| WHAT TO WATCH

Danson Plays Chess with 'South Bronx'

By Jay Bobbin

Sunday, December 04, 2005

12:01 AM PT

An actor's career decisions can be as strategic as the moves in a chess game.

Whether or not that's the reason Ted Danson signed up for his latest television project, chess figures in anyway. The Emmy-winning "Cheers" and "Becker" veteran plays an inner-city educator who galvanizes his students by teaching them the game in "Knights of the South Bronx," a fact-inspired A&E Network movie directed by Allen Hughes ("Menace II Society") and debuting Tuesday, Dec. 6.

David MacEnulty, the man portrayed by Danson, has spent the past 15 years teaching chess; he also has written three books and six e-books on the subject, and he has produced three chess-related videos. His success is verified by the awards won by the pupils and teams he has coached, with those honors now numbering well into the hundreds.

Danson came into the film somewhat naturally since he reveals he plays chess, "and a lot better than I did before this movie. I played at that same kind of age, 10 or 11. Then I tried to whoop Woody Harrelson during the 'Cheers' years, because he could beat me at everything else, and that didn't work, so my big goal in life is to beat Woody Harrelson. I've been coached. I think I'm ready."

He most likely is, since the real-life MacEnulty was his coach. "Chess calls on all parts of the brain," MacEnulty reasons. "You must solve your problems cerebrally. You must calculate. You must do everything in your head. You have to do it all quietly without moving the pieces. It takes tremendous discipline to get through a 2 1/2-hour chess game at a tournament. And whether you win or lose, you have an amazing accomplishment behind you."

The prospect of having his story told in dramatic terms "really thrilled" MacEnulty, "and the more I heard about what they wanted to do, the happier I got. When they told me that Ted was going to be playing me, I mean, how much better can it get?

"I think the world needs to know that there are more things like this that we can do for these children, especially children in the areas where I was teaching. This was the poorest congressional district in the country, the two highest crime precincts in the Bronx. I want the message to get out that those children must be reached."

MacEnulty clearly has reached Danson as well. "It's a cliche, and I spout it all the time, that teachers are underpaid," the actor reflects, "but it is heroic, what a good teacher does for children, when a teacher comes in and does not give up on a child. These kids went on to become national champions, world champions. They went to Moscow, and they're in colleges and graduating. They went from dead end to 'the world is their oyster.'

"My job in front of these kids as an actor was not dissimilar to [MacEnulty's] job," Danson adds. "My job was to capture their attention, and they aren't polite actors who go, 'My turn to act, your turn to act.' It was a zoo, and my job was to get their focus ... and that's a little bit of what a teacher does. I was exhausted at the end of the day. My ego would get in the way constantly, but a good teacher is selflessly putting the child as the more important person in the room."

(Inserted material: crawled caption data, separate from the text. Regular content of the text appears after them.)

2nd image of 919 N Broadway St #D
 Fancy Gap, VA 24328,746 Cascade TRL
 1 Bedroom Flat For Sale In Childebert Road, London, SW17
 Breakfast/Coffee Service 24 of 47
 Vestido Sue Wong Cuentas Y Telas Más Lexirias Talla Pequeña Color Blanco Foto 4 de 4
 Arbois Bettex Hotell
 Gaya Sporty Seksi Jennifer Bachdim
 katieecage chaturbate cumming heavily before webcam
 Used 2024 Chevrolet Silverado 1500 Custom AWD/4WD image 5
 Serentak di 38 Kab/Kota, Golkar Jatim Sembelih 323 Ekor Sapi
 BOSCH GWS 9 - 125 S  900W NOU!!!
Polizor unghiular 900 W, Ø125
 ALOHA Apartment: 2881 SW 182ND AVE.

Making the child proficient in chess is another matter entirely, which Danson explains by citing a line from the movie: "'If you can win a game of chess, no one can ever call you stupid.' That's an amazing thing, the confidence it gives people, the confidence it started to give me when I started to win."

While movies such as the James Bond adventure "From Russia With Love" and the original Steve McQueen version of "The Thomas Crown Affair" have chess sequences, the only other film to depict the game to the extent of "Knights of the South Bronx" is "Searching for Bobby Fischer." MacEnulty knows that 1993 drama well, since it centers around Bruce Pandolfini, one of MacEnulty's mentors and closest friends (played by Ben Kingsley).

"I thought it was wonderful," MacEnulty says of that movie. "I thought they captured scholastic chess absolutely brilliantly. They captured a brilliant young man in his earliest days fabulously. By the way, I was also the chess teacher of Max Pomeranc (who played the central youngster in the film)."

If "Knights of the South Bronx" achieves nothing else, it will have reawakened a passion for Danson. "I started to fall in love with chess again," he reports. "I really hope this movie does what David does in life, which is to inspire people not to give up on kids and to see that chess is this amazing tool [by which] to reach out to people ... especially at that age. If we do that with our movie, we will have really done what we set out to do."